Namun tak pula aku sanggup ke nerakaMu
Ampunkan dosaku terimalah taubatku
Sesungguhnya Engkaulah pengampun dosa-dosaku
Dosa-dosaku bagaikan pepasir di pantai
Dengan rahmatMu Tuhanku ampunkan daku
(Syair Abu Nawas)
Pernah Imam Al Ghazali menangis hingga keluar air matanya
usai memimpin sholat shubuh. Peristiwa tersebut membuat para muridnya
heran, “ini bukan kebiasaan guru,” pikir beberapa murid itu.
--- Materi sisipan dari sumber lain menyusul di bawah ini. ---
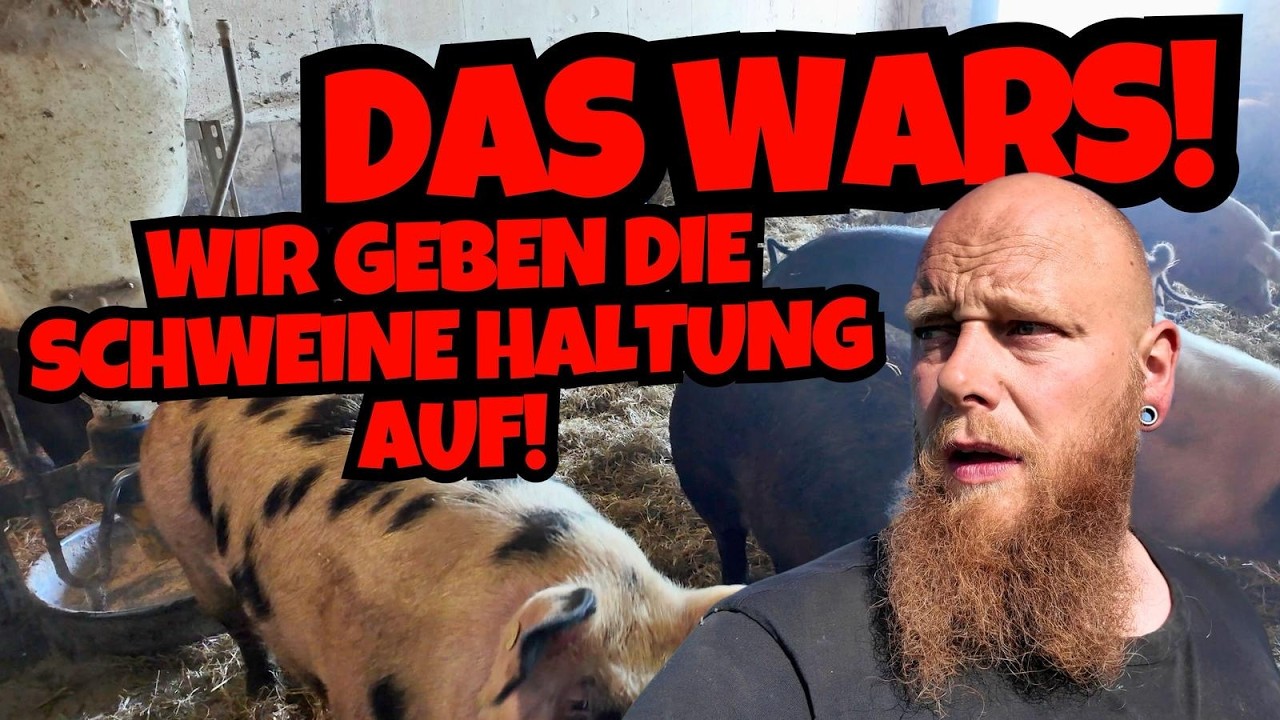 Die letzten Schweine gehen vom HOF I Das gibt nicht viel Ertrag 😱 ... Die letzten Schweine gehen vom HOF I Das gibt nicht viel Ertrag 😱 ...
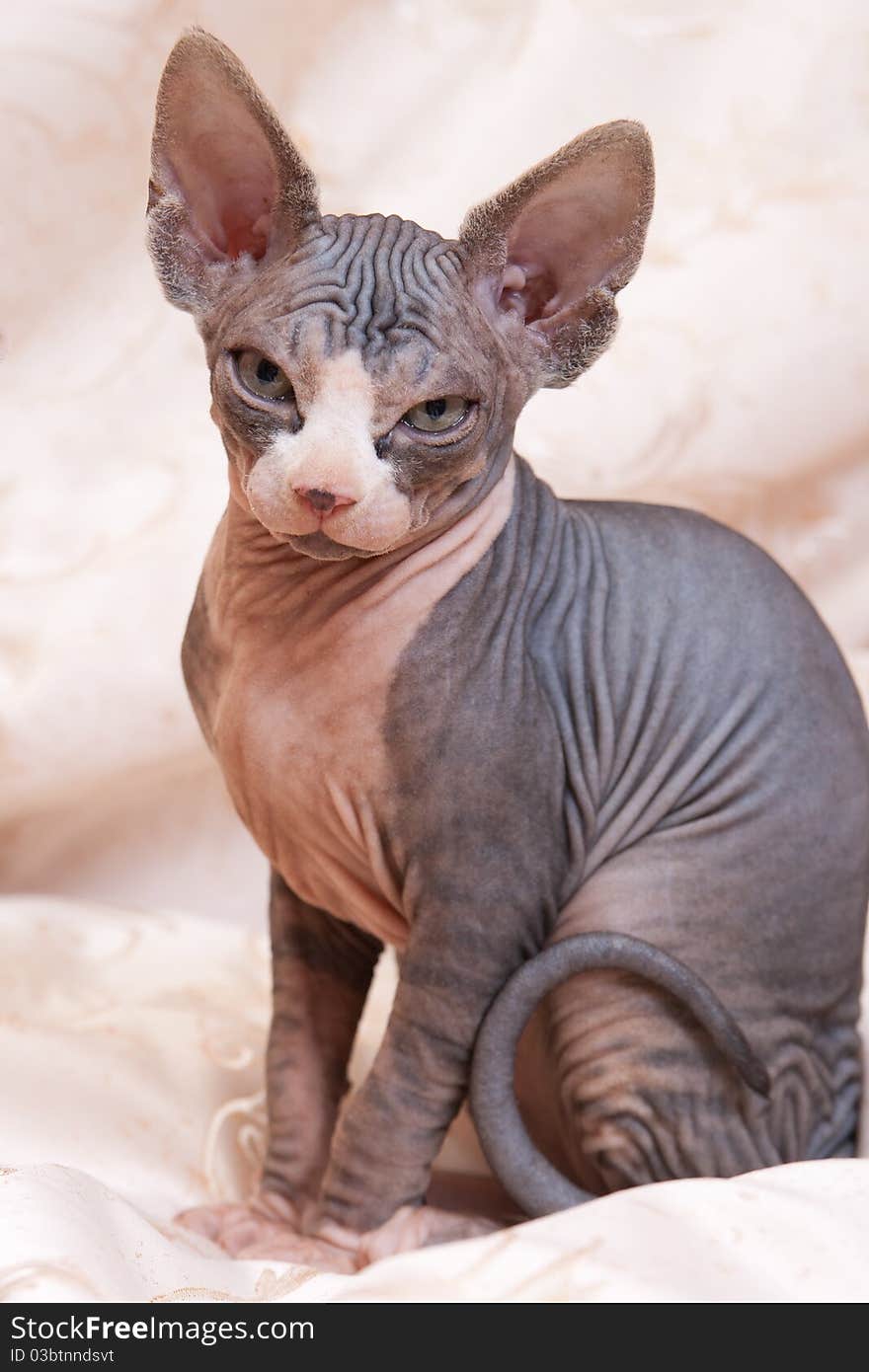 Cat of breed Don the Sphynx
Akhirnya
salah satu dari mereka memberanikan diri menghampiri sang guru. “Apa
gerangan yang membuat guru menangis,” tanyanya.
Mendapat pertanyaan dari seorang muridnya tidak membuat
sang guru langsung menjawab, bahkan Imam Al Ghazali memberikan
pertanyaan berturut-turut kepada murid yang bertanya tadi. “Kenapa Adam
a.s diusir Allah dari surga, kenapa pula dengan iblis, penghuni surga
yang kemudian dilaknat Allah dan menjadi ahlunnaar, berapa banyak
kesalahan Adam hingga ia harus menerima hukuman itu, berapa banyak pula
yang dilakukan iblis.”
Tanpa bermaksud memotong kisah diatas, sebenarnya kita
mencoba untuk sepakat bahwa Adam a.s, manusia pertama ciptaan Allah itu,
hanya sekali melakukan kesalahan terhadap Allah, yakni ketika ia tidak
patuh akan larangan Allah dengan mendekati pohon yang dilarang Allah
untuk didekatinya (QS. Al Baqarah:35). Akibat perbuatannya itulah Adam
terlempar dari surga dan terpisah dengan istrinya, Hawwa, setelah ia
mendapatkan berbagai kenikmatan dari Allah. Keadaan yang menimpa iblis
hampir serupa, bahwa ia hanya sekali melakukan kesalahan terhadap Allah,
yakni ketika perintah Allah untuk sujud kepada Adam seperti yang
dilakukan para malaikat dan makhluk lainnya, tidak ditaatinya karena
takabur (QS. Al Baqarah:34). Hanya saja, perbedaan keduanya terletak
pada sikap setelah mereka mendapat hukuman, Adam diterima taubatnya
dengan syarat mengikuti petunjuk Allah jika tidak ingin tergelincir
lagi, sedangkan iblis memilih menjadi musuh Allah dan orang-orang
beriman.
Penggalan kisah diatas sangat menarik untuk direnungkan
kembali dalam rentang waktu perjalanan hidup kita didunia memegang
amanah sebagai khalifah di bumi, meski proses pemilihan manusia sebagai
khalifah sempat diragukan oleh malaikat, makhluk Allah yang senantiasa
taat itu.
Pernahkah kita, dalam sehari saja, menghitung berapa
banyak perbuatan dosa kita. Baik dosa yang langsung terhadap Allah,
maupun dosa yang terkait dengan makhluk lainnya. Sebagai gambaran
tentang perbuatan dosa, Rasulullah pernah bersabda bahwa dosa adalah
ketika hati menjadi tidak tentram tatkala orang lain menyebutkannya.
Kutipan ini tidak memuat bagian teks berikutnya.